I haven’t forgotten those early years of not having the support that would have most benefitted us during our first foster care experiences. I know not everybody lives in the kind of foster care and adoption aware community that is now our normal. For those foster or adoptive parents who are struggling alone (and really for all foster or adoptive parents), it can be such a blessing to find likeminded parents with similar struggles in order to normalize what you’re going through. Attending a conference or retreat can be one great way to do that in an intensive environment that will refresh you and remind you why we do what we do. I’m excited to be involved this year in a retreat like that.

 

I will be speaking at the Together in the Trenches retreat. I’m going to be talking about how God uses motherhood—the unique role we get to play in the lives of the kids God gives us, the role our own moms played in our lives, and how we can encourage the other moms around us. I’m excited to be able to meet with other women who are living this life and I’m also excited for the ways the women planning this retreat are intentionally wanting to spoil these ladies. In talking to one of the ladies coordinating the retreat, she used the phrase “constant food” to describe the environment and that’s about the most wonderful description I’ve ever heard for a retreat. There’s a desire to help women understand the importance of self-care by showing them how they can incorporate it into their daily lives through art, crafts, doing nails, and all kinds of little pampering activities. I’m pretty sure if I just read the phone book during my speaking time, these women would still come away refreshed and encouraged just by being in this supportive and beautiful environment (the grounds of the retreat center are just gorgeous and restful). I’m hopeful I can add more than just a phonebook reading to what’s happening, but I love knowing this isn’t just about giving women knowledge or parenting tools, but about actually caring for their needs for rest and encouragement.

If you’re interested in participating in this retreat, there’s still time to register! You can get all the specific info at this link: http://orphancarealliance.org/together-in-the-trenches/ I’d love to see you there!

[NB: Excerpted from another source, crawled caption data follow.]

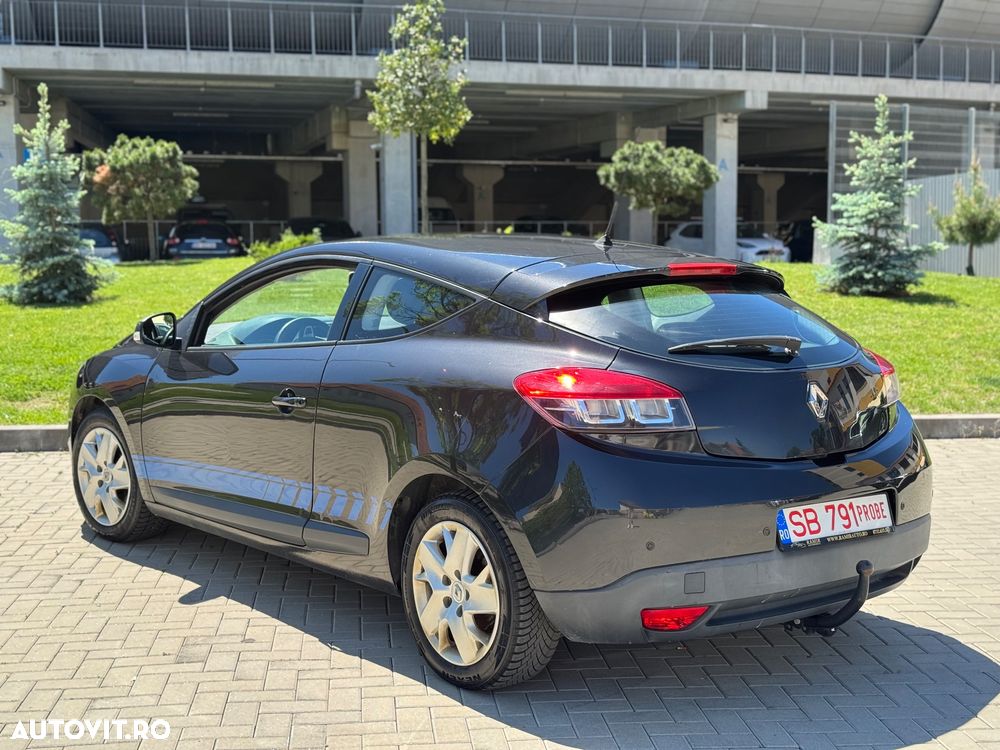 Renault Megane dCi 90 FAP Paris - 5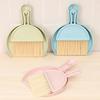 Розовый многофункциональный мини-веник и совок с мусорным совком для уборки стола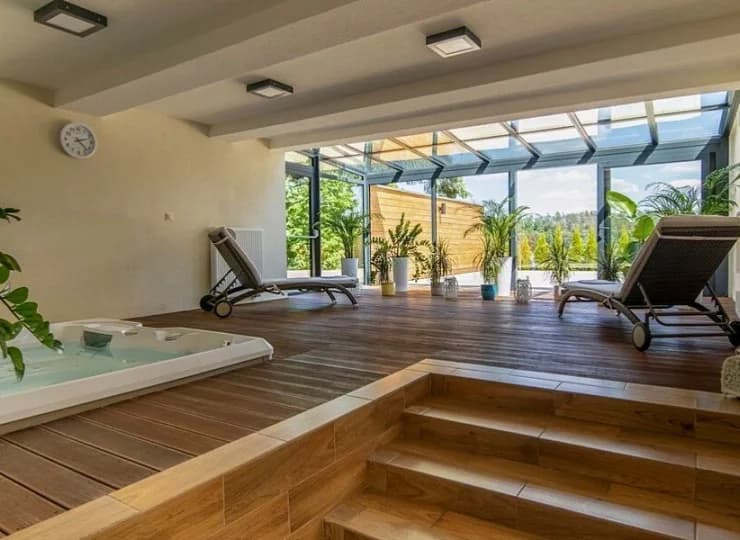 Jacuzzi ma wyjście na taras z widokiem na jezioro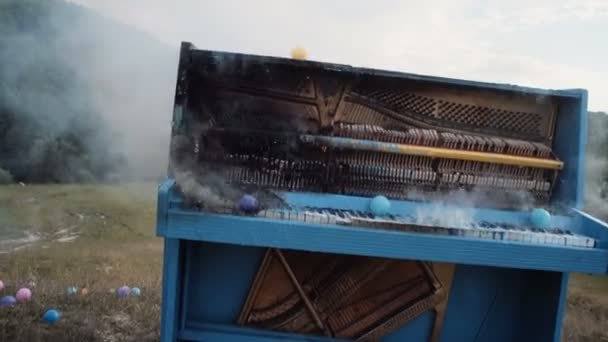 钢琴着火了 热音乐 烧钢琴 燃烧的音乐 钢琴破坏 — 图库视频影像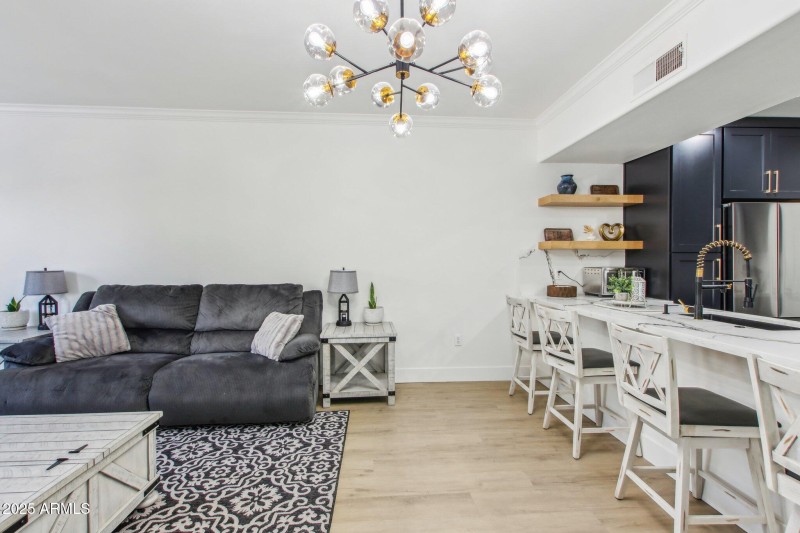 4-web-or-mls-N 76th St 2263-004
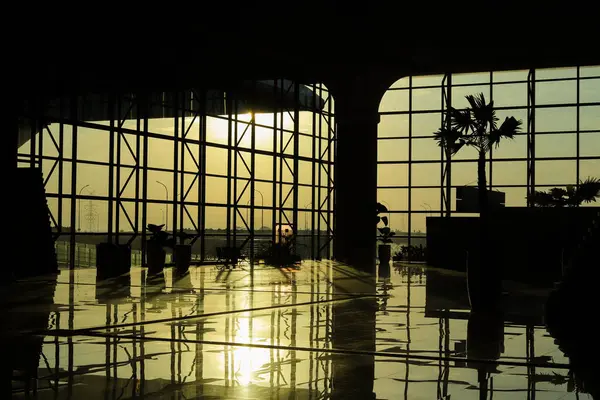 Wnętrze Lotniskowej Sylwetki Podczas Wschodu Słońca Port Lotniczy Yia Yogyakarta — Zdjęcie stockowe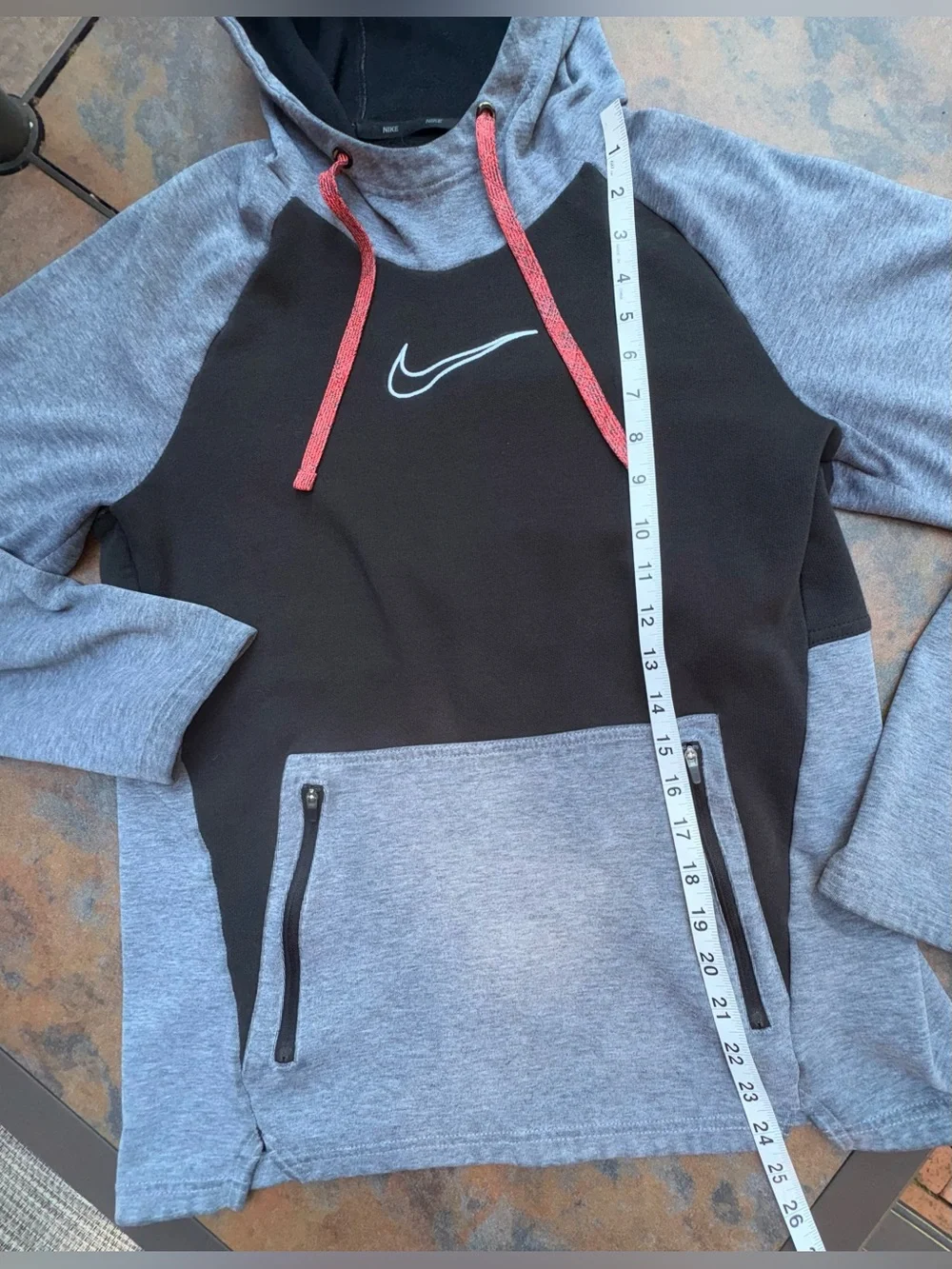 Nike pullover hoodie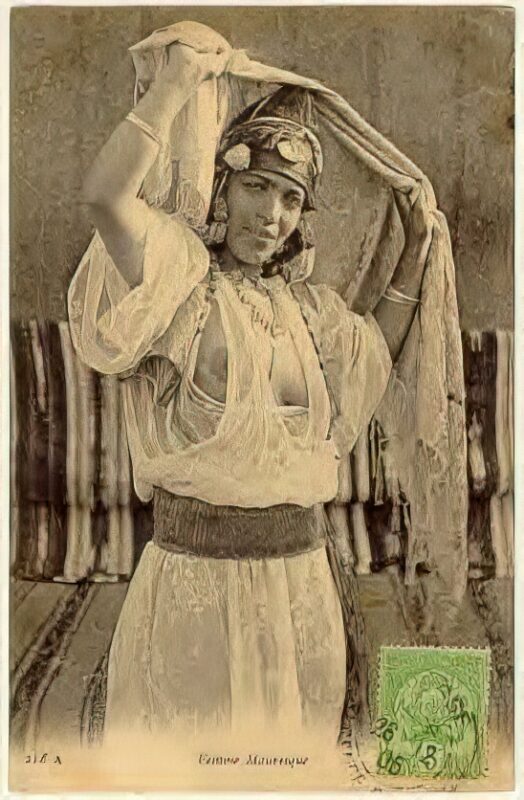 Photo 133 - Ethnic and Indigenous Vintage Nude Men and Women from the YesterYears Photo 133 - Ethnic and Indigenous Vintage Nude Men and Women from the YesterYears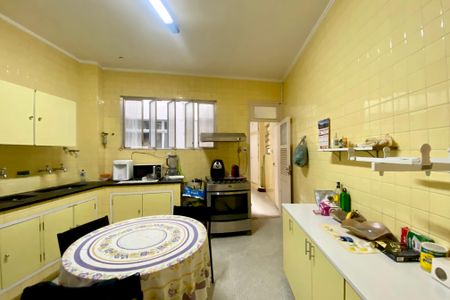 Apartamento à venda com 180m², 4 quartos e 1 vaga Apartamento à venda com 180m², 4 quartos e 1 vagaCozinha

Foster parents and adoptive parents need community. We need that normalization that can really only happen when we find others who have walked where we’re walking. I think we all have a role to play in finding or creating that community. We can prioritize it by attending retreats or support groups. We can offer it by facilitating support groups, planning retreats, become a safe place for foster and adoptive parents to share their needs. We can benefit from it by showing up and admitting this can be an isolating journey. As a church body, we can encourage it by offering to help cover costs for our families to attend retreats or conferences that help them live this life with strength and conviction. Whatever our role is in the process, if we want our most traumatized kids to be loved and find safety and healing, we need to be sure their parents are getting the support they need. How can you be part of that support team for the families you know?